Margaret Anne Kirkpatrick (née Downs; born 29 January 1941)  is an Australian stage and screen actress 
who has appeared in numerous theatre, television and feature film roles since the late 1950s .

Kirkpatrick, is probably best known for starring in the cult TV series Prisoner (otherwise known as Prisoner: Cell Block H in the UK and North America), where both locally and internationally for her portrayal of the character "The Freak" Joan Ferguson, a sinister and cold lesbian prison officer.

She performed as in an Australian production of the musical Wicked as Madame Morrible
 
Kirkpatrick has appeared in numerous TV series including Richmond Hill, Water Rats, G.P. and Blue Heelers, as well as two roles in All Saints and Home and Away
 
In 2019, she released her autobiography The Gloves Are Off: The Inside Story From Prisoner to Wicked

Biography

Margaret Anne Downs was born in Albury, New South Wales, to James and Crissie Downs.
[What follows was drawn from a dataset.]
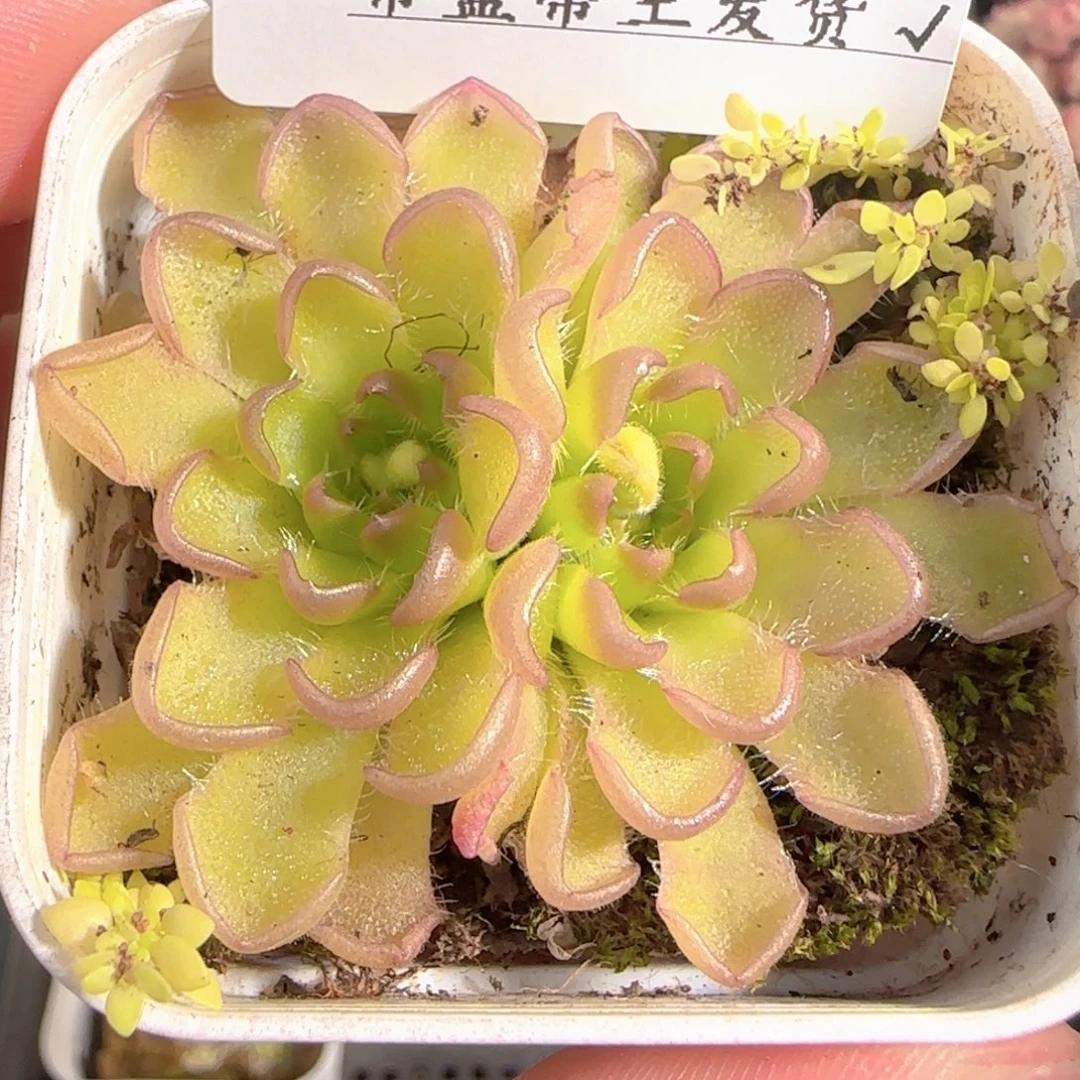 多肉1228-183近藤捕虫堇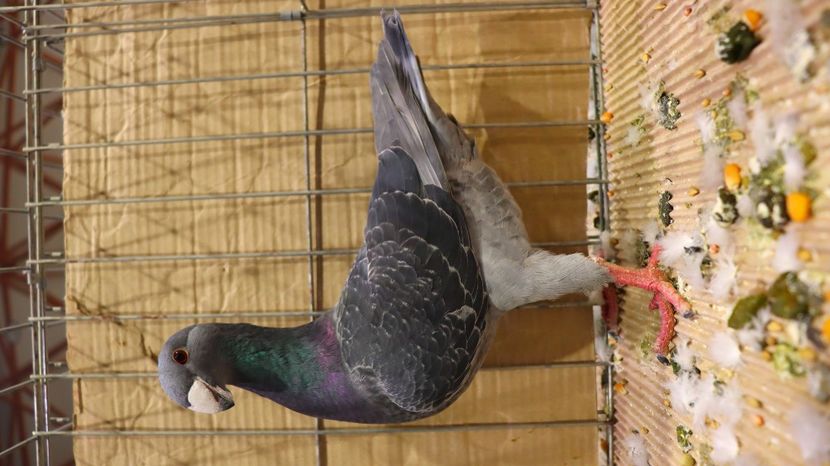  - Timisoara 26-01-2025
When she was seven months old her father was killed while on active national service as a soldier in North Africa, leaving her mother to bring her up alone. Her mother later married John Anderson and had a son, Adrian. The family moved to Newcastle, New South Wales, where Kirkpatrick grew up. She had had an interest in acting from an early age, and appeared in several school plays. By November 1955 she became fed up with school and left, whereupon her mother sent her to drama lessons.

In 1960, at the age of 19, Kirkpatrick took her first professional acting job, with theatre impresario John Alden's Shakespeare Company. After this initial production she promptly gave up acting. Kirkpatrick subsequently took various jobs, including working in dress shop, as a medical receptionist, compère of fashion parades, and she also had jobs in bars, restaurants, and hotels.

Downs married Norman Kirkpatrick, a merchant seaman of the Shankill Road in Belfast, in September 1963. Five years later they moved to Sydney where Kirkpatrick decided to resume her acting career. After appearing in two plays she put her acting career on hold once again, this time due to the arrival of her daughter Caitlin. Kirkpatrick resumed theatre work as Caitlin got older from 1964 onwards, and from 1976 onwards moved on to television and cinema.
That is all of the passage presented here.